• **Required action**
The material below contains a line with "Building Photo - 24742 Russet Bluff Trl" and a line with "Sakatia Lodge Ampasimena Ngoại thất bức ảnh". Copy exactly those two lines and all lines between them.

• **Records for the task**
┏━━
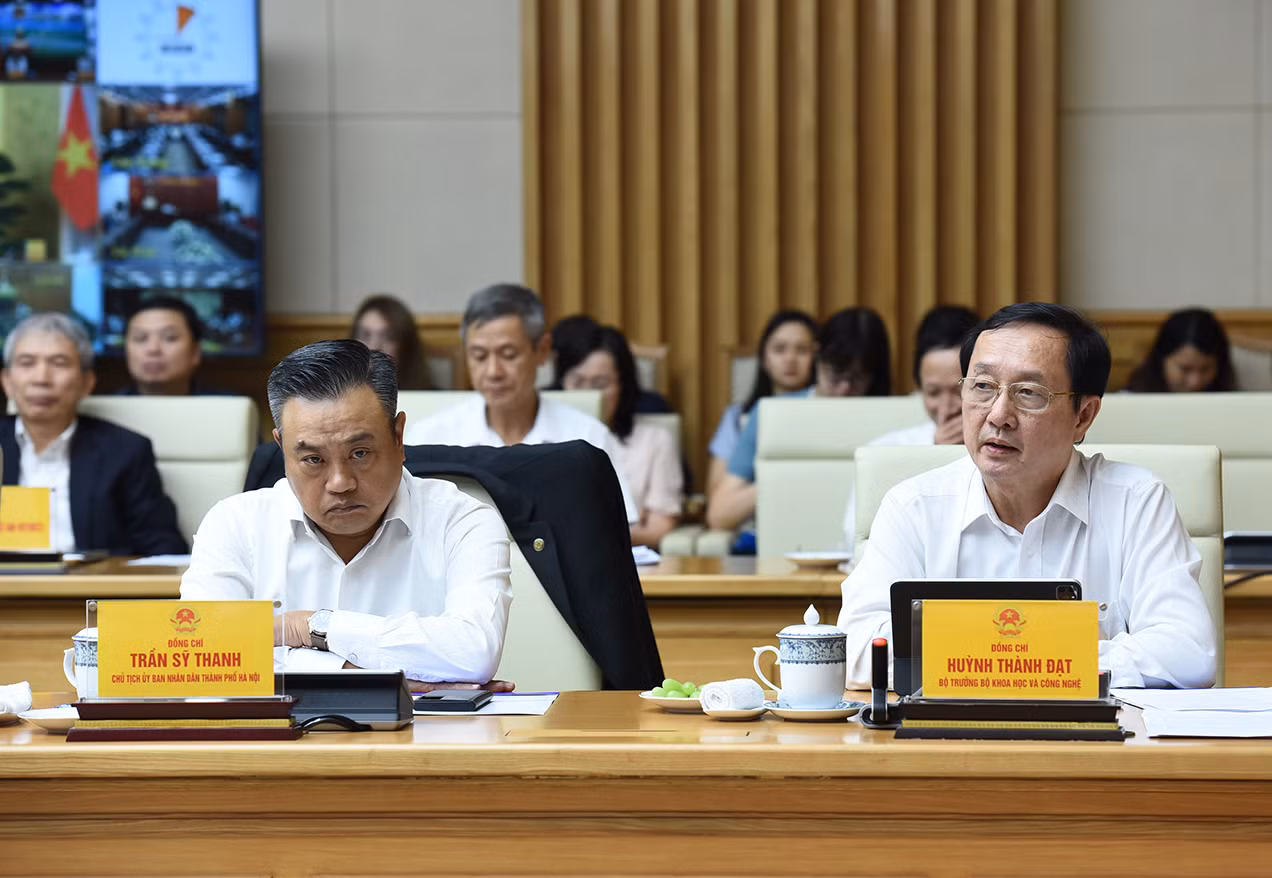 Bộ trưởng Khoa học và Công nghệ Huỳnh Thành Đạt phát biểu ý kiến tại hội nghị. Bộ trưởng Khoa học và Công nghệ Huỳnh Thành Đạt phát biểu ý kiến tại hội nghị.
┗━━
┏━━
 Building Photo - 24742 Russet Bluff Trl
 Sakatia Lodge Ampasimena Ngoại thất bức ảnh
┗━━
• **Answer to the problem**
 Building Photo - 24742 Russet Bluff Trl
 Sakatia Lodge Ampasimena Ngoại thất bức ảnh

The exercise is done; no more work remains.